Take each line below that has "Sale" and copy it.

(AVAILABLE DATA begins)

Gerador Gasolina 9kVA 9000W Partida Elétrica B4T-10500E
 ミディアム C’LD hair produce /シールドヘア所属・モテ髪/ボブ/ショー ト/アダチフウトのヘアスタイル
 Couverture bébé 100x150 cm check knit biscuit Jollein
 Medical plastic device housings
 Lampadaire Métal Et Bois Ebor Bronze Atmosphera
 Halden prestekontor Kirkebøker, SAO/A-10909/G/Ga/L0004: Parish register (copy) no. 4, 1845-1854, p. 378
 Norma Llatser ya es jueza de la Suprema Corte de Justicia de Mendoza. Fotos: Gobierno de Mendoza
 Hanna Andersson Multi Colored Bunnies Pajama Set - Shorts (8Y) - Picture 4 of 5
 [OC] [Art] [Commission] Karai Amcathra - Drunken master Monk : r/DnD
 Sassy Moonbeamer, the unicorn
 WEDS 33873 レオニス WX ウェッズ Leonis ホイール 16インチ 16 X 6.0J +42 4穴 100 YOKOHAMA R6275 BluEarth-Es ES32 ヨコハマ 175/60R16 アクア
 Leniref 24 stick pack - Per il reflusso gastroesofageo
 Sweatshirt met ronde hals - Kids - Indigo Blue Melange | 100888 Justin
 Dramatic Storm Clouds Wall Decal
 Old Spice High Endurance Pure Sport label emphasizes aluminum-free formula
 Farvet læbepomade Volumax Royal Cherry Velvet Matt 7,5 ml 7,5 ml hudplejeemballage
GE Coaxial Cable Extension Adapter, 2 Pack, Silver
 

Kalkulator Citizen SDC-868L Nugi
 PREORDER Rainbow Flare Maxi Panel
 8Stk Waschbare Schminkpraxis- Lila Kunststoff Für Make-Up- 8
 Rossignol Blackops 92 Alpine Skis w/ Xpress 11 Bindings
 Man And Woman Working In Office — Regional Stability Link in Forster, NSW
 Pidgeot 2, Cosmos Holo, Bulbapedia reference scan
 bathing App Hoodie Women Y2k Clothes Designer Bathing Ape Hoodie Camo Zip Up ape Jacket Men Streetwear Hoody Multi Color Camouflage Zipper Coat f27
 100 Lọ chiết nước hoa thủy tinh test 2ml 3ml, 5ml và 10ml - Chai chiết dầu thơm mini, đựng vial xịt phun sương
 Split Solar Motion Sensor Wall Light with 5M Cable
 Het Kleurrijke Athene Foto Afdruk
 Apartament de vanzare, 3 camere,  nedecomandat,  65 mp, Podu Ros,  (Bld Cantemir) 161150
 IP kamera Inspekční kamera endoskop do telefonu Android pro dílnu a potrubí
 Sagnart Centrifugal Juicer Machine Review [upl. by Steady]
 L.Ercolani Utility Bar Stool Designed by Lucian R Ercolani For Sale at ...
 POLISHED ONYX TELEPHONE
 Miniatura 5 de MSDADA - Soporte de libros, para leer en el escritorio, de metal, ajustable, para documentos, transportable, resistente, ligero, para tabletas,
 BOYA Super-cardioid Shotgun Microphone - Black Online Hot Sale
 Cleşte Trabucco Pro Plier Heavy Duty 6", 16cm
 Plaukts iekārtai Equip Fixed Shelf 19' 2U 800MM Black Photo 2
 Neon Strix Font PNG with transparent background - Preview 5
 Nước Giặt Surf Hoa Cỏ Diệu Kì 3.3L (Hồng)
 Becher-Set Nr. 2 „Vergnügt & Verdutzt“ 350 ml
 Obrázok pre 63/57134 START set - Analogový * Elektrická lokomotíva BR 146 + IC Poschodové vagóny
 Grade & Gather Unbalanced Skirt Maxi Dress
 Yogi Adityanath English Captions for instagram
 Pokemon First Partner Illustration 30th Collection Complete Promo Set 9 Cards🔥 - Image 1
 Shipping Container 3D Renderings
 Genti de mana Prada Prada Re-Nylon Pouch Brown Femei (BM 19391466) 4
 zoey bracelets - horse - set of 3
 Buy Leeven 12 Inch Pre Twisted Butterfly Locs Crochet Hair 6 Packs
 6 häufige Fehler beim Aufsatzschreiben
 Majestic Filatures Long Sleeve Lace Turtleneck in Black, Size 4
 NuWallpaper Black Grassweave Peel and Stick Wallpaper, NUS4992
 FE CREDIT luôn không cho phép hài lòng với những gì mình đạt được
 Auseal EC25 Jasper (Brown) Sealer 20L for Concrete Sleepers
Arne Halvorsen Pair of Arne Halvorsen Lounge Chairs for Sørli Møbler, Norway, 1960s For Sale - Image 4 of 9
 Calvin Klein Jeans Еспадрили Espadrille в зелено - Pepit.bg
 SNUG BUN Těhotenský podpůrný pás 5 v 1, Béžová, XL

(AVAILABLE DATA ends)

**WRITTEN REPLY:**
 L.Ercolani Utility Bar Stool Designed by Lucian R Ercolani For Sale at ...
 BOYA Super-cardioid Shotgun Microphone - Black Online Hot Sale
Arne Halvorsen Pair of Arne Halvorsen Lounge Chairs for Sørli Møbler, Norway, 1960s For Sale - Image 4 of 9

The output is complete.